Problem statement. Print the lines below exactly as written, with none missing.

Material for the task section start

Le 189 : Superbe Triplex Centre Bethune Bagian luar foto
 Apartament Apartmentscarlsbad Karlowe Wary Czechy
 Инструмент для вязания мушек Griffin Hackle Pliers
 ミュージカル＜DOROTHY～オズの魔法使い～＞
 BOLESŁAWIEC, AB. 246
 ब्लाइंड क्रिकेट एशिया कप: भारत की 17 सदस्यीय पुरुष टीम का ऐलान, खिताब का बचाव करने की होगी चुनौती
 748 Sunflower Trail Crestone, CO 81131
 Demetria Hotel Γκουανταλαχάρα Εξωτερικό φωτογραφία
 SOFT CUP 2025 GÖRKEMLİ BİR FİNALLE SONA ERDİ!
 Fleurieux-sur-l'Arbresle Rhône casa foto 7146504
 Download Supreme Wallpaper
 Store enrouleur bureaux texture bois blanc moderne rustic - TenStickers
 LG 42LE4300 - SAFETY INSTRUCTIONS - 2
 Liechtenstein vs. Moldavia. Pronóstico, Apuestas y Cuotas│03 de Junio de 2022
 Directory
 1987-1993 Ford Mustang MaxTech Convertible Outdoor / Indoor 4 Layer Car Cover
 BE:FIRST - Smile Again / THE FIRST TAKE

Material for the task section end

Reply to the task.
Le 189 : Superbe Triplex Centre Bethune Bagian luar foto
 Apartament Apartmentscarlsbad Karlowe Wary Czechy
 Инструмент для вязания мушек Griffin Hackle Pliers
 ミュージカル＜DOROTHY～オズの魔法使い～＞
 BOLESŁAWIEC, AB. 246
 ब्लाइंड क्रिकेट एशिया कप: भारत की 17 सदस्यीय पुरुष टीम का ऐलान, खिताब का बचाव करने की होगी चुनौती
 748 Sunflower Trail Crestone, CO 81131
 Demetria Hotel Γκουανταλαχάρα Εξωτερικό φωτογραφία
 SOFT CUP 2025 GÖRKEMLİ BİR FİNALLE SONA ERDİ!
 Fleurieux-sur-l'Arbresle Rhône casa foto 7146504
 Download Supreme Wallpaper
 Store enrouleur bureaux texture bois blanc moderne rustic - TenStickers
 LG 42LE4300 - SAFETY INSTRUCTIONS - 2
 Liechtenstein vs. Moldavia. Pronóstico, Apuestas y Cuotas│03 de Junio de 2022
 Directory
 1987-1993 Ford Mustang MaxTech Convertible Outdoor / Indoor 4 Layer Car Cover
 BE:FIRST - Smile Again / THE FIRST TAKE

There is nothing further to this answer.